Only the lines from the one containing "KAUTEK RE-RH037 KAUTEK RE-RH037" through the end of the data are wanted, reproduced exactly and without pictures.

┄┄┄┄┄┄┄┄┄┄┄┄┄┄┄┄┄┄┄┄

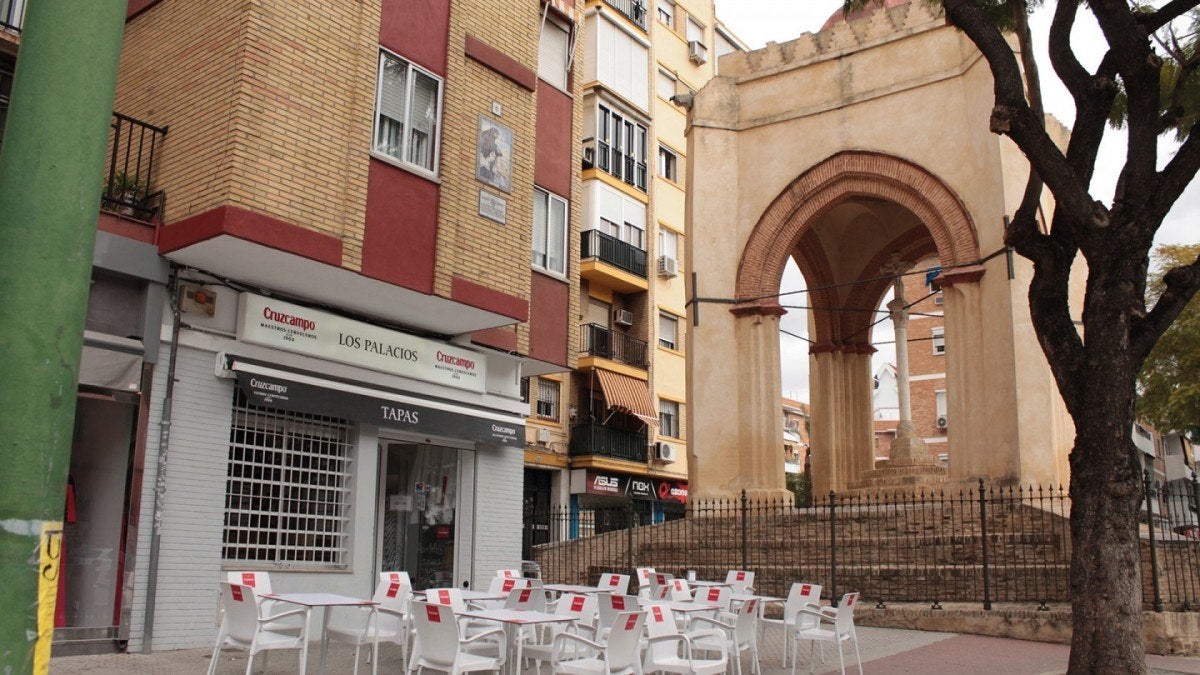 palacios-sevilla-tapas-1-1440x810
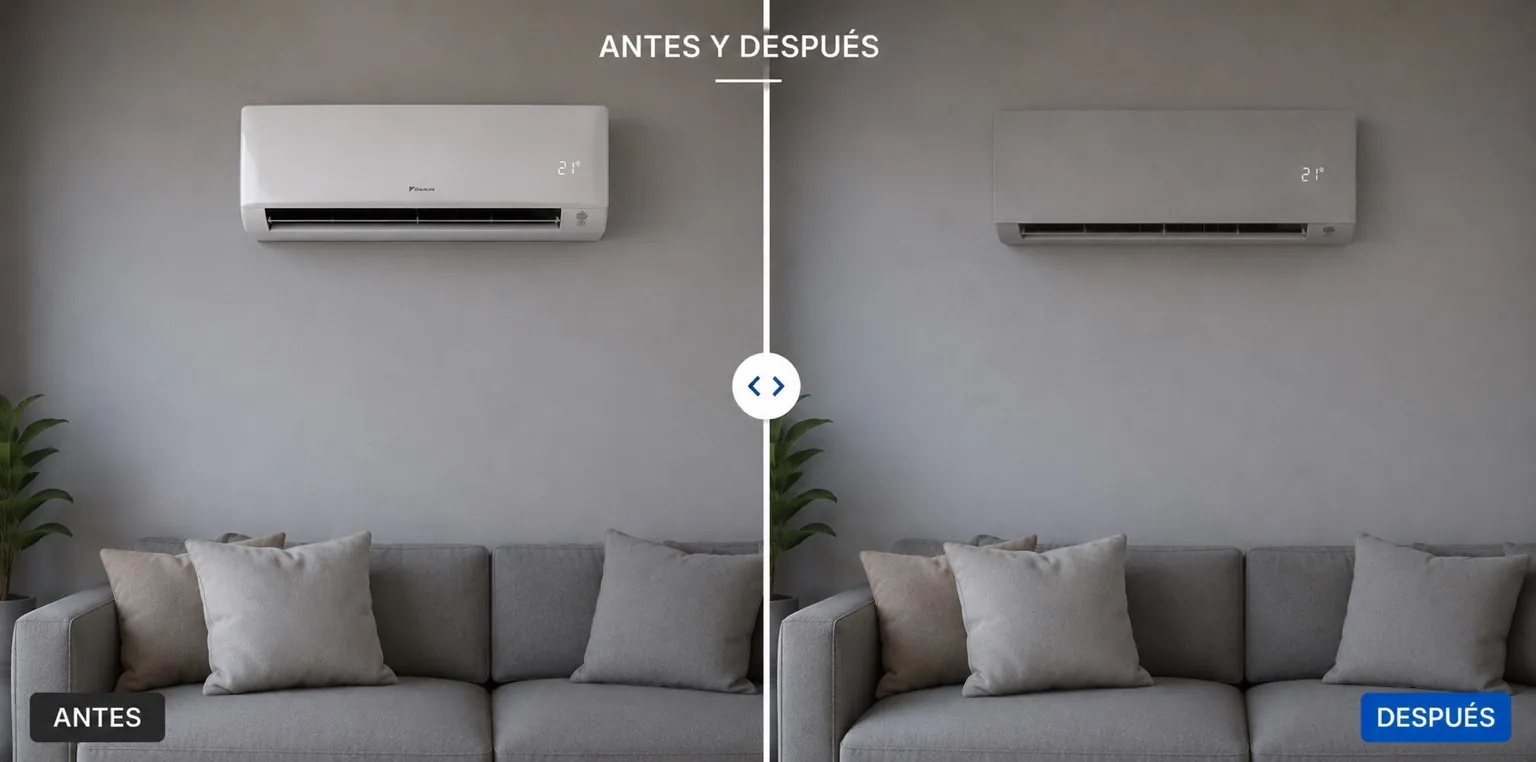 Antes_Despues_DesignLine_WebP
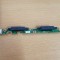 Conector HDD Packard Bell Sj51 A50.26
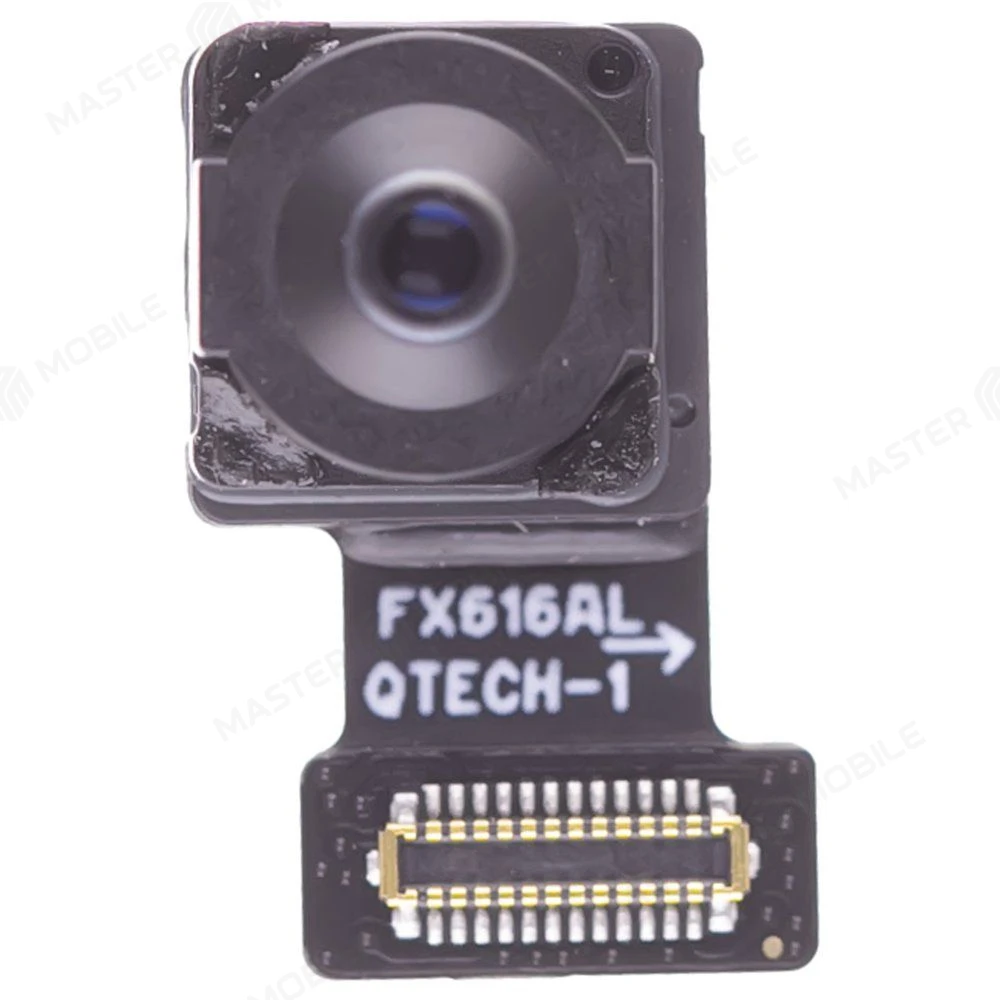 Камера для OnePlus Nord (AC2001/AC2003) (передняя)  фото №1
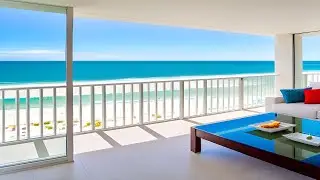 The ultimate solution for your ceiling is now available with us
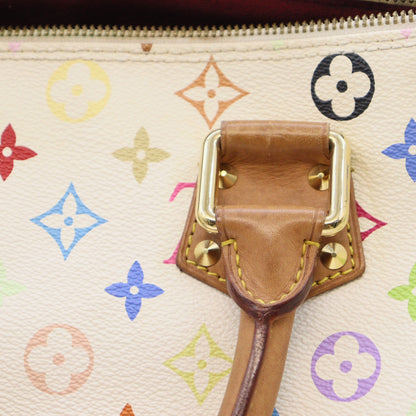 Louis Vuitton Speedy 30 Handbag M92643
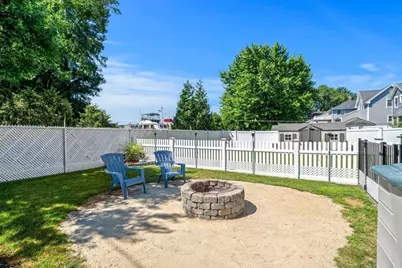 31 Bates St, Danvers, MA 01923 - Photo 27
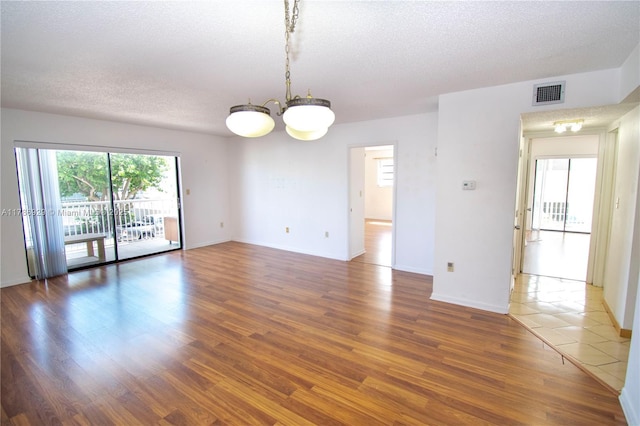 130 S Shore Dr Unit 2F, Miami Beach, FL 33141 - photo 17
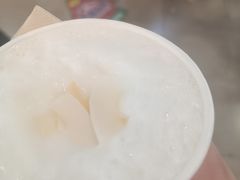 -茶颜悦色(平和堂负一楼店)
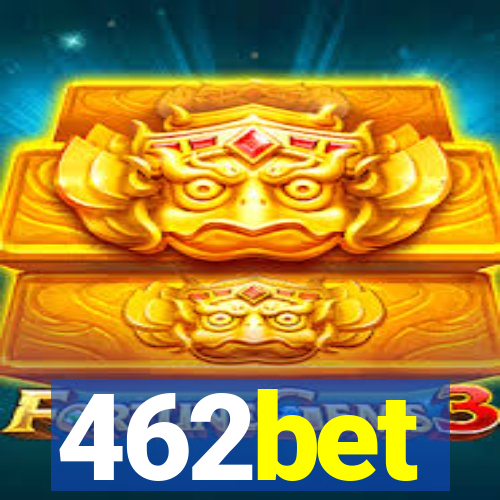 462bet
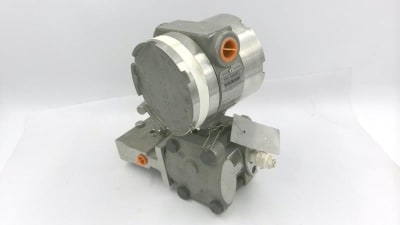 EMERSON 1151GP4S2204H1T1477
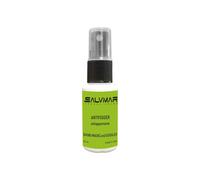 Salvimar Antivaho Spray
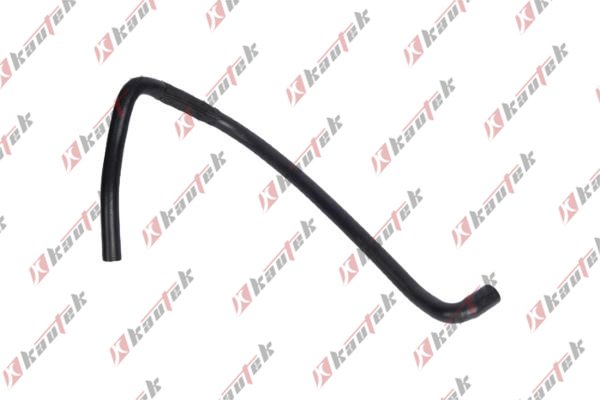 KAUTEK RE-RH037 KAUTEK RE-RH037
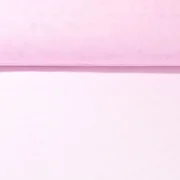 Softtüll Uni Lilac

┄┄┄┄┄┄┄┄┄┄┄┄┄┄┄┄┄┄┄┄

__Solution__:
 KAUTEK RE-RH037 KAUTEK RE-RH037
 Softtüll Uni Lilac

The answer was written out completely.